The Daria Diaries

Left the town of Highland this morning with no regrets, looking forward to the move to Lawndale with excitement and anticipation. Then I remembered my family was coming too. I felt the need to bring along a memento of my former life, so I removed the front doorknob when no one was looking and slipped it into my jacket pocket. I hope the new owners don't have their hearts set on a lot of going in and out.

Quinn had filled the car trunk and half the backseat with wardrobe overflow, so I had to ride in the moving van. The movers were pretty cool. They let me be the lookout while they stopped to run a quick errand in the warehouse district. When they got back, they offered me a new microwave oven as a token of their gratitude, but I said no. Sure, you tell yourself it'll be just for popcorn, but the next thing you know you're steaming fresh broccoli.

By the time we pulled up at the new house, Quinn had already claimed the so-called "normal" room. I was left to inhabit the room that had belonged to the former owner's schizophrenic mother. It's extremely creepy, with padded walls and sawed-off bars on the windows... as usual, my sister has played right into my hands. Mom says she's going to redecorate my room. Probably right after she gets around to signing my third-grade report card.

The house is bigger than our old one, which is good because it'll be easier to avoid Quinn. The phones are hooked up (the people who bought our old house already called up looking for their doorknob). And from what I've seen of Lawndale, it looks like a pleasant, typical suburban town. A nice place to raise a normal family.

Somebody please help me.

* * * * *

Started school this week. It's reassuring to know that no matter where you go, kids are the same... stupid and shallow. Shockingly, Quinn fit in immediately; now she's managed to convince her new friends that it's just a coincidence that two girls named Morgendorffer happened to start school on the same day. I kind of admire her for that. The way you'd admire Attila the Hun for being focused.

Not everyone here is friendly and popular. There's this one girl named Jane who is snide, antisocial, and resentful. Finally, a friend. Jane invited me over after school to watch Sick, Sad World and help barricade the front door in case someone tried to foreclose on the house. (Her parents are out of the country for a few months and forgot to leave the mortgage payments.) I met her brother, Trent. He's a musician, which means he sleeps all day and doesn't have a job. This is a cool family.

Trent started talking to me, and the conversation was going pretty well until he fell asleep. Jane says that's his worst habit, and that it's really annoying when he does it while driving. But Trent asleep is more interesting than Quinn awake.

Hmm, maybe I'd better burn this page. I'd hate for this diary to come back to haunt me when I'm nominated to the Supreme Court.

* * * * *

Life in Lawndale is as exciting as ever. That's the problem.

My family is active and busy. Mom has thrown herself into home and work, except for the home part. Dad has thrown himself into reading the paper at the table. Quinn has threatened to throw herself in front of a train if she's not allowed to date on weeknights.

I've got the daily routine down pretty well now. Go to school, avoid making eye contact with teachers, get called on anyway. Walk halls between classes, be ignored by other students. Go home, listen to parents' frantic messages on answering machine about working late, watch TV. It's a good life. I just hope I can keep up the frenetic pace.

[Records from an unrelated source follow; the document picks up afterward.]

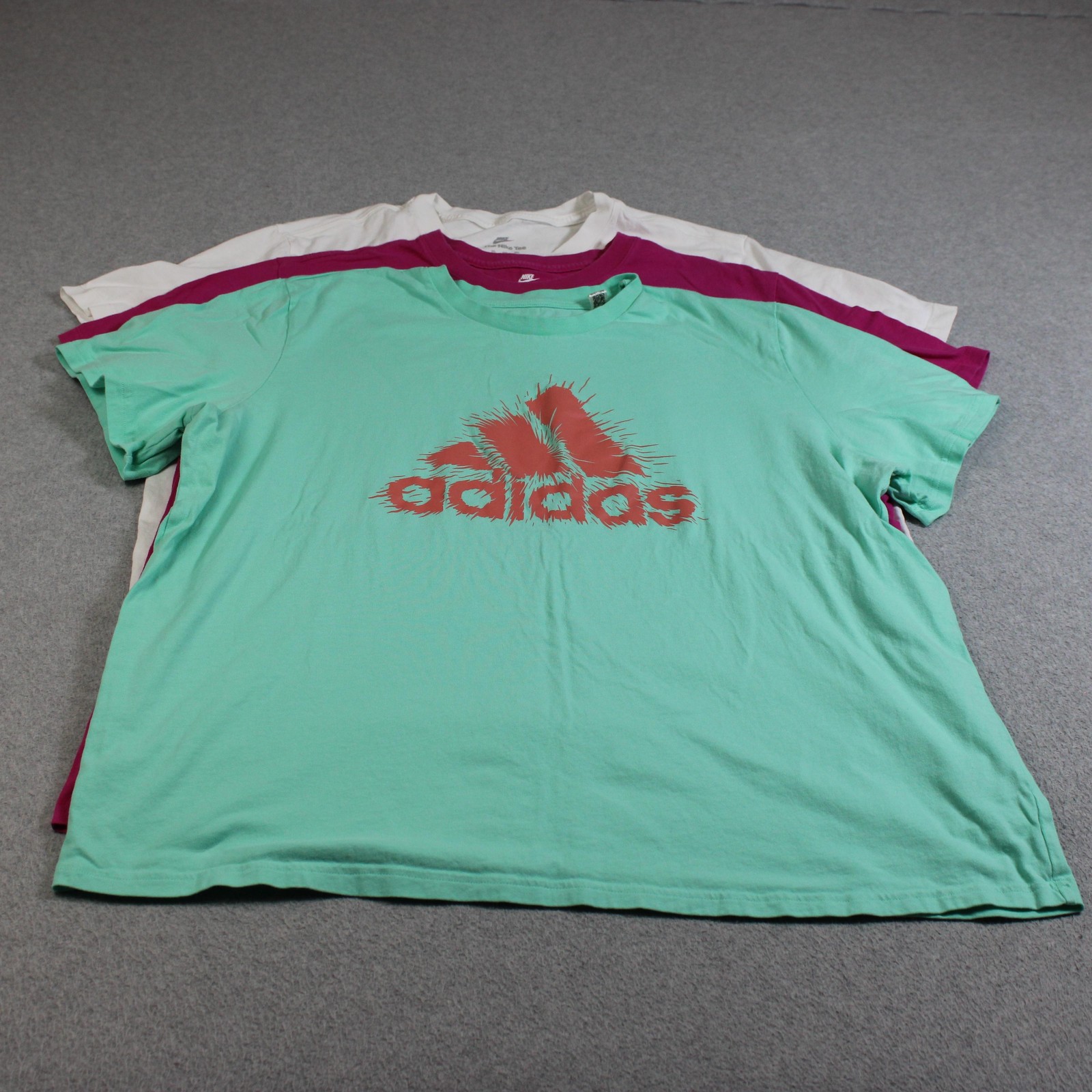 Nike Shirt Womens 2XL Lot 3 White Pink Green Graphic Logo Tee Sportswear Adidas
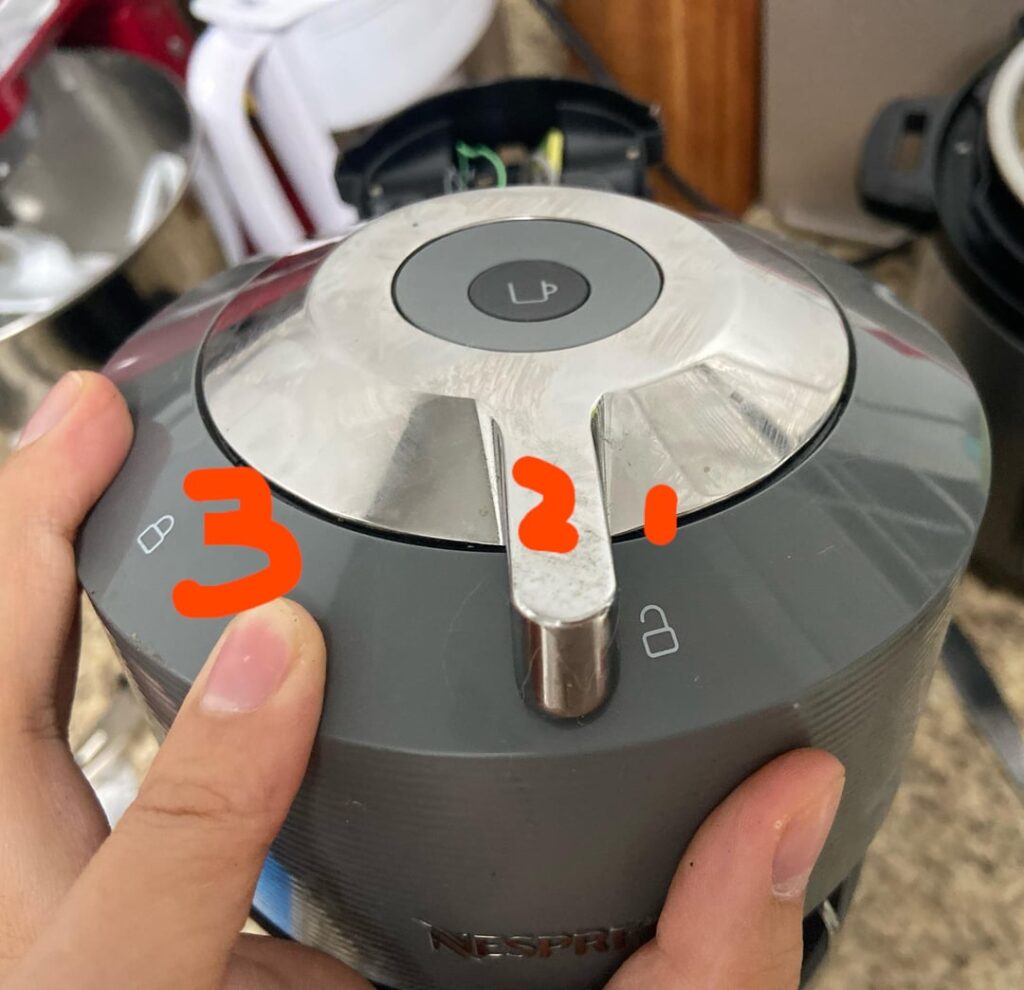 Nespresso vertuo next can not close lid Nespresso vertuo next can not close lid
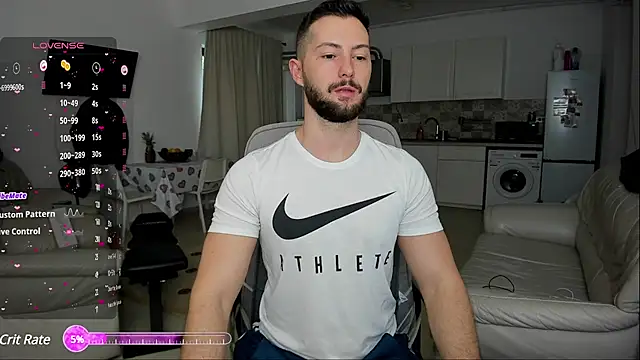 Snapshot of ZackFraser chatting on March 16, 5:25 am ZackFraser online show from March 16, 5:25 am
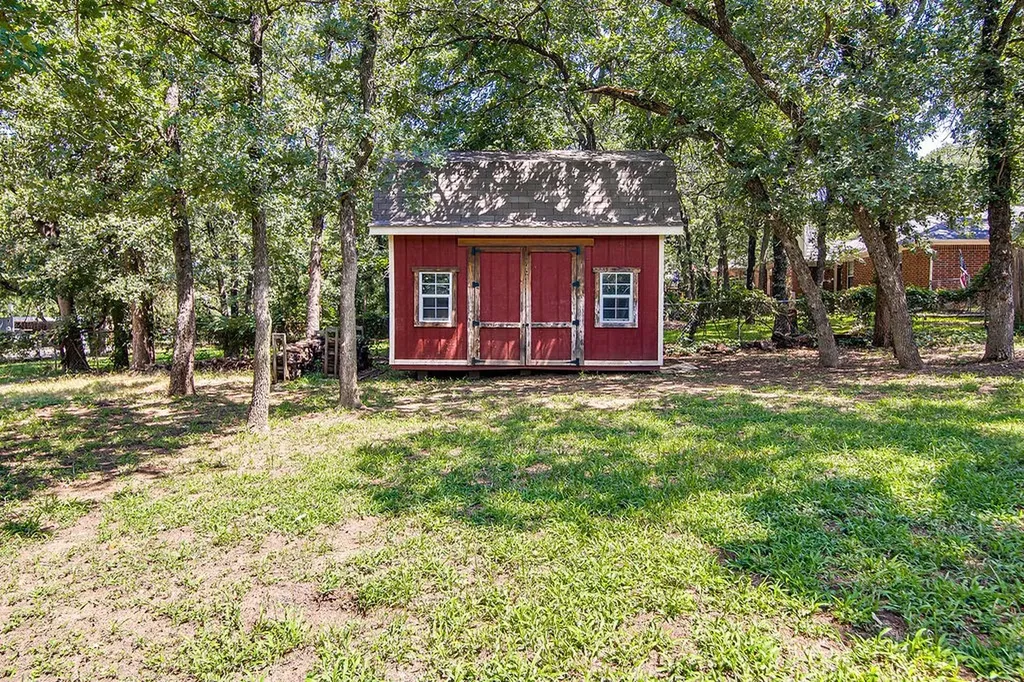613 Forest Edge Street Burleson TX 76028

Occasionally I think about doing something to change my situation, but where am I going to get hold of a Stealth bomber?

* * * * *

Lying here on my bed, staring at a fascinating crack in the ceiling, I consider the past year. I've left a place where I don't fit in and moved to a whole new place where I don't fit in. I've made a new friend who is equally unpopular, so that together we really drive people away. And, thankfully, I can always count on my family... to make me want to join the Witness Protection Program. Yes, things have really improved in the last twelve months. By which I mean they haven't gotten any worse.

At least keeping this journal has been a valuable experience. Maybe I flatter myself, but I think I could be a professional writer if I put my mind to it. A bitter, angry hack who starts fistfights at cocktail parties - I could do that job.

Anyway, the sun is setting, the moon is rising, and I can hear the lonesome sigh of the wind outside my window - no, wait, that's Quinn's blow dryer. The future is an enormous question mark, and I don't know what lies ahead. I only know that if it moves, I'm shooting it.